SOURCE DATA |
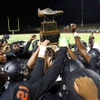 Chaparral players celebrate with the Cleat Trophy after defeating Eldorado in a high school football game at Chaparral High School Friday, Sept. 22, 2023. The trophy, awarded to the winner of the annual rivalry game, is a bronzed cleat from NFL Hall of Famer Merlin Olsen. Chaparral defeated Eldorado 32-18.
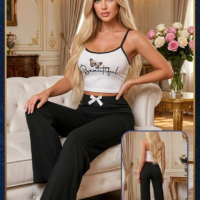 Gemini_Generated_Image_bg7c9jbg7c9jbg7c-1-1.png بيجاما نسائية صيفية أنيقة - طقم ملابس نوم قطعتين (توب كروب أبيض وبنطلون مضلع بفيونكة)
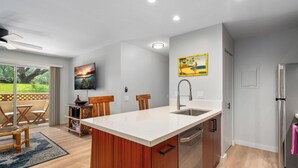 A modern kitchen with a large island, wooden cabinets, a stainless steel refrigerator, and a dining area with a view of the outdoors.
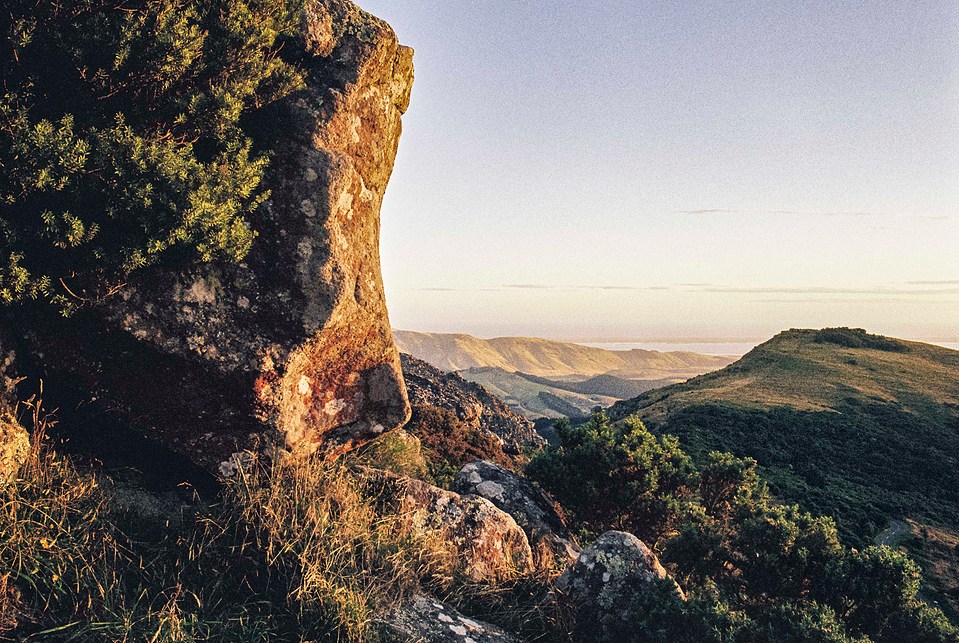 A large boulder in the foreground with the Pacific Ocean and Christchurch visible in the distance. The Canon AE-1 Program captures the wide-angle landscape on 35mm film.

WORK TASK |
From the line containing "A modern kitchen" down to the final line of the material above, reproduce each line exactly and include no images.

SOLUTION TO THIS TASK |
 A modern kitchen with a large island, wooden cabinets, a stainless steel refrigerator, and a dining area with a view of the outdoors.
 A large boulder in the foreground with the Pacific Ocean and Christchurch visible in the distance. The Canon AE-1 Program captures the wide-angle landscape on 35mm film.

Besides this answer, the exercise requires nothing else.